Physical AI vs Software AI: who actually wins
AI is infrastructure. Robotics is execution. Only one gets paid.
We are seeing it, breathing it, even absorbing it. AI is accelerating in a singular way.
Models everywhere, costs collapsing, capabilities distributed.
The gap between those who produce AI — building power plants, data centers, infrastructure at near-industrial scale — and those who use it to generate margins is wide, and still widening.
On the production side, costs are certain and increasing. On the usage side, returns are uncertain, hard to measure, even harder to sustain over time.
In one sentence: software AI is growing, adoption is increasing, but competitive advantage is thinning, and the ability to consistently and continuously turn intelligence into money is far from guaranteed.
Meanwhile, robotics is still being read through outdated categories. Expensive, slow, hard to scale. But that picture is dated and incomplete.
Because while software becomes increasingly interchangeable, Physical AI is entering a different phase. It has not become simple. It has become INEVITABLE.
And when it works, it doesn’t improve work — it replaces it, generating economic value that is concrete, direct, measurable, and cumulative.
Intelligence commoditizes. Execution does not.
The cost of accessing artificial intelligence has collapsed. The differences between one LLM and another are shrinking fast. What was distinctive yesterday is baseline today.
The advantage is no longer having access to AI, but being able to monetize it.
Inference costs dropped 280x between November 2022 and October 2024 *(Stanford AI Index 2025)*. Enterprise contracts are growing — from $39K in early 2023 to $530K by the end of 2025 *(Ramp Economics Lab)* — but require longer sales cycles and deep integrations. 88% of organizations use AI regularly. Only 7% have completed real deployments. And only 6% of companies can attribute more than 5% of EBIT to AI.
Intelligence is becoming a commodity. This maturity compresses margins across the value chain. Those who control infrastructure — chips, cloud, foundational models — still hold a massive advantage. But everything in between, the generic application layer, operates in a crowded, fragile competitive zone. Traditional SaaS margins were 80–90%. AI execution today sits at 25–60%, and declining.
Building AI is no longer the hard part.
Capturing value — consistently, over time — is.
But is that also true for Physical AI?
First, a distinction.
Software AI — systems that process, generate, or decide on digital data. They don’t touch the physical world. Their output is text, code, images, recommendations, predictions. ChatGPT, GitHub Copilot, Midjourney, fraud detection, Bloomberg AI, Palantir AIP, AlphaFold.
Physical AI — systems that perceive the physical world through sensors and act on it through actuators. They require hardware. Errors have physical consequences — there is no rollback. Tesla Autopilot, Boston Dynamics Spot, Figure 01, Da Vinci Surgical, Amazon Sequoia, Multiply Labs, D.gree, John Deere See & Spray.
Now let’s see whether and how we can compare the two.
Robotics doesn’t scale. Until it does.
Take a deliberately simple example.
A robot that flips burgers, costing a few thousand dollars per month under RaaS — Robotics as a Service, no capex, pay per use. Now compare it to an advanced cloud AI system capable of writing code, analyzing documents, supporting complex decisions.
The point is not which is more sophisticated.
The real questions are two: which generates margin more directly and defensibly, and how high is the real barrier to entry?
And that second question is not secondary. Because the barrier is not just economic.
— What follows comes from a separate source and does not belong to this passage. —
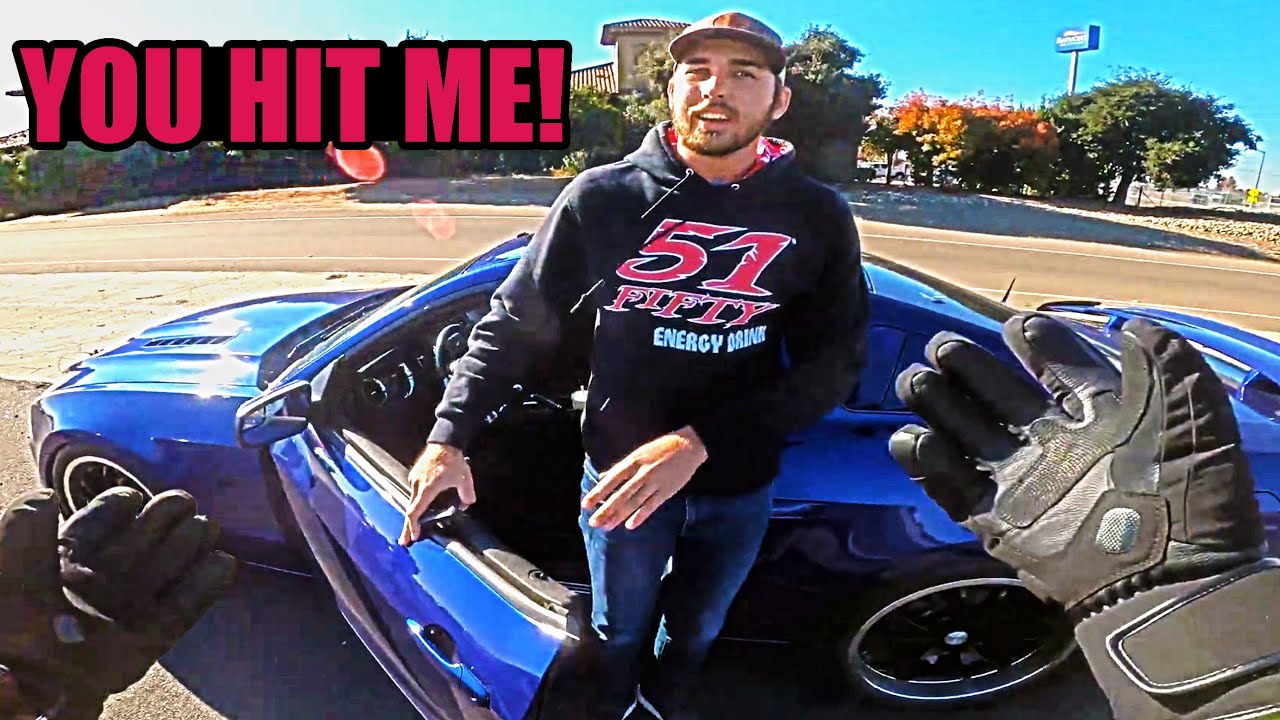 BIKER COULDN'T STAND IT - EPIC MOTORCYCLE MOMENTS 2020 - Ep.103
It is cognitive, organizational, cultural.
How much of humanity actually uses AI productively? How many can write effective prompts? How many generate outputs that can be sold? How many — individuals or organizations — can build a stable, repeatable process around AI that consistently produces margin?
Today,
about one sixth of the global population has used generative AI at least once. Of those, less than 2% pay for it. 7% of organizations have completed a real deployment. And only a fraction of those manage to build a stable, repeatable, margin-generating process around AI. Even getting there — and very few do — is exhausting.
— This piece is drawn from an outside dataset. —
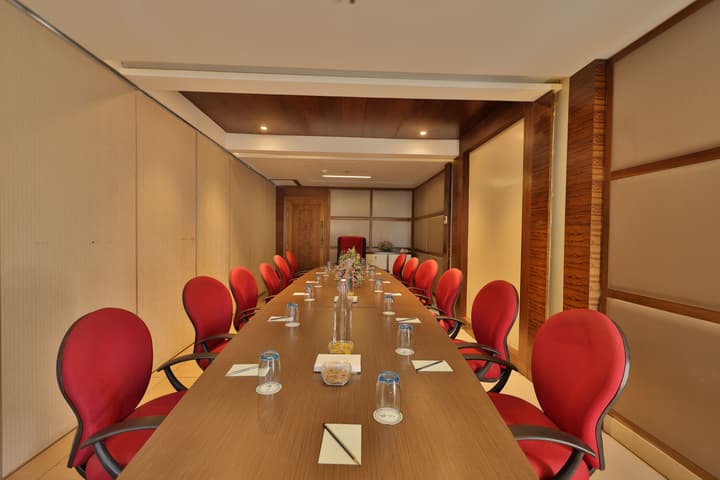 Fragrant Nature Munnar - A Classified Hotel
The burger-flipping robot does not have this problem.
A task is executed. A cost is removed. The return is visible within weeks. And most importantly — a fast food operator can make it work without prompt engineering, without change management, without retraining staff on new tools.
The example simplifies. But it holds.
UPS has recorded productivity increases of around 300% in its most automated sites, with over 1,400 robots deployed. Amazon has surpassed one million operational robots in its warehouses. Multiply Labs reports cost reductions up to 74% in pharmaceutical manufacturing. Shake Shack increased operating margins from 20% to 25% through automation — while raising wages by 33% in the same period.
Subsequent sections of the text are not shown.